EXERCISE DIRECTIONS
Produce an exact transcription of the listing below, omitting the pictures.
====== DATASET SECTION
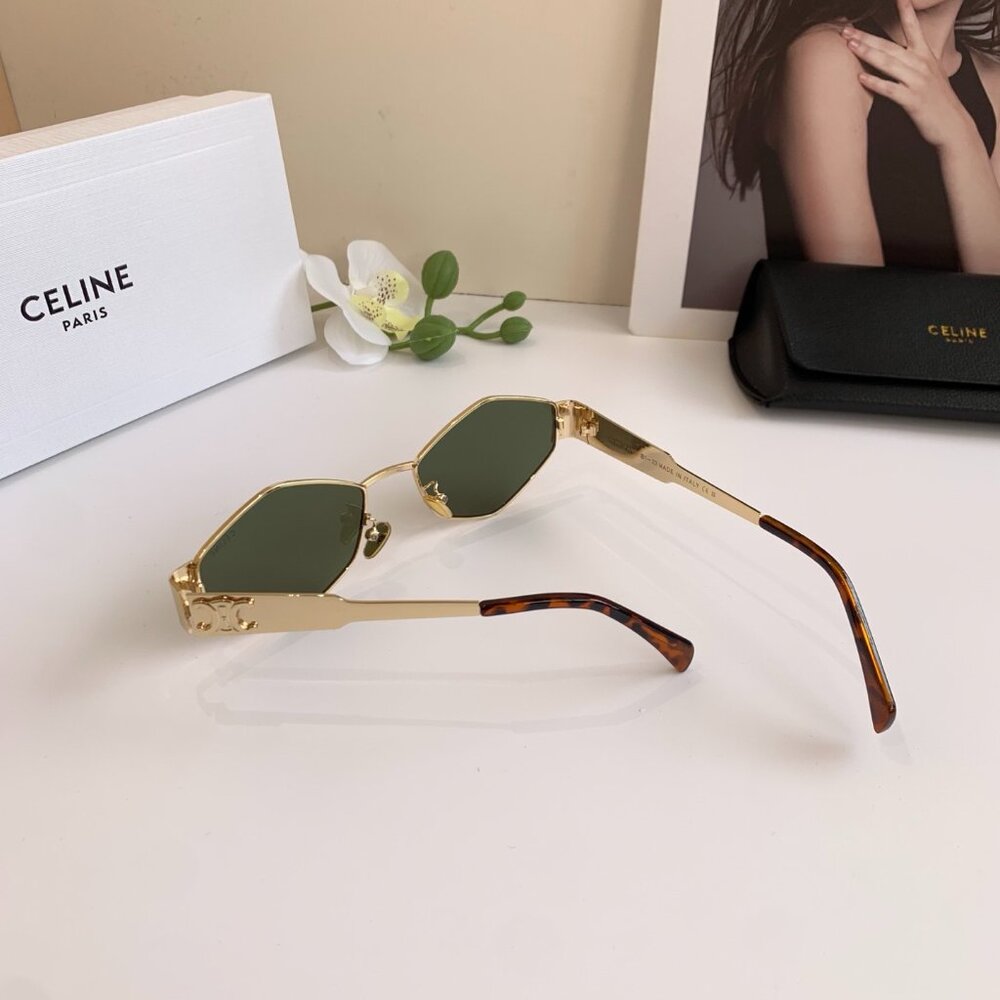 Celine Women's Sunglasses in Gold and Green - Picture 7 of 8
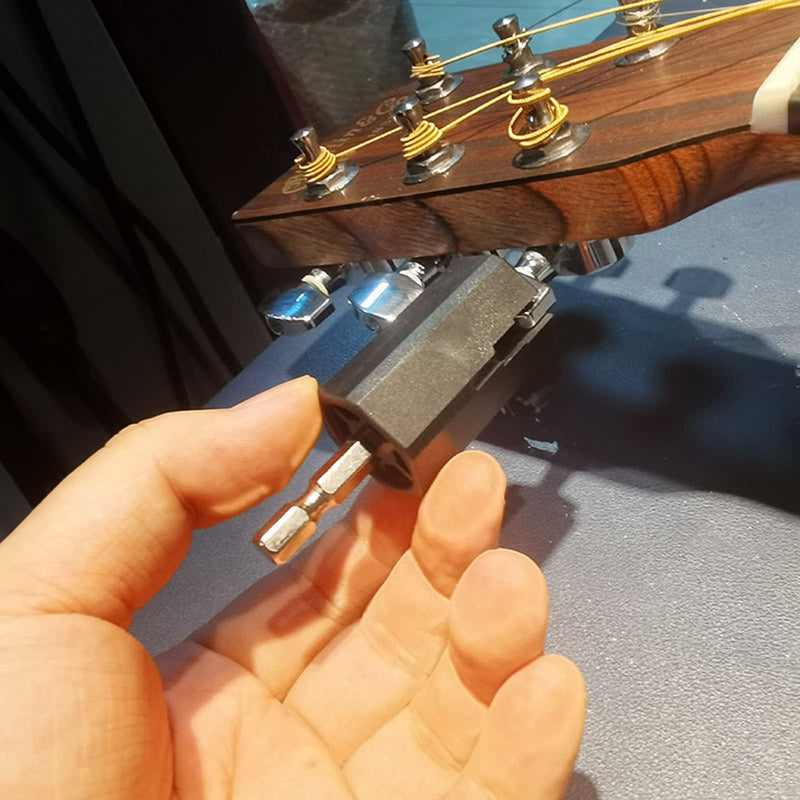 [AUSTRALIA] - Hexagonal Guitar String Winder Head Diy Maintenance Tool Accessories Winder Drill Plug String Peg Puller For Guitar Bass 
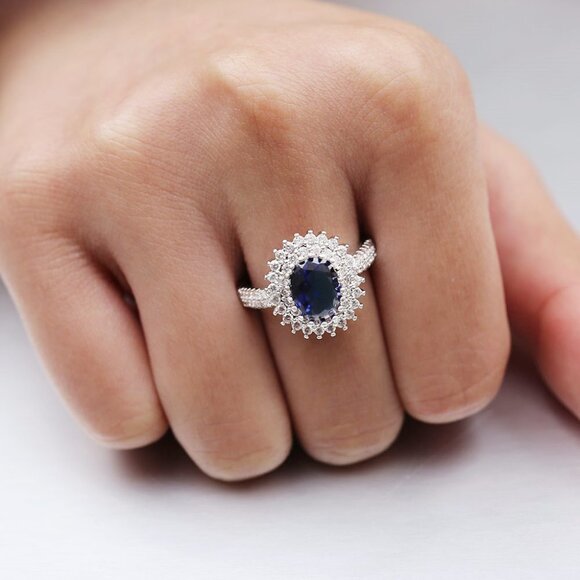Elegant Blue 925 Silver Plated Oval Sun Flower Royal Ring for Women, V… - Picture 6 of 8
============
WRITTEN ANSWER
 Celine Women's Sunglasses in Gold and Green - Picture 7 of 8
 [AUSTRALIA] - Hexagonal Guitar String Winder Head Diy Maintenance Tool Accessories Winder Drill Plug String Peg Puller For Guitar Bass 
Elegant Blue 925 Silver Plated Oval Sun Flower Royal Ring for Women, V… - Picture 6 of 8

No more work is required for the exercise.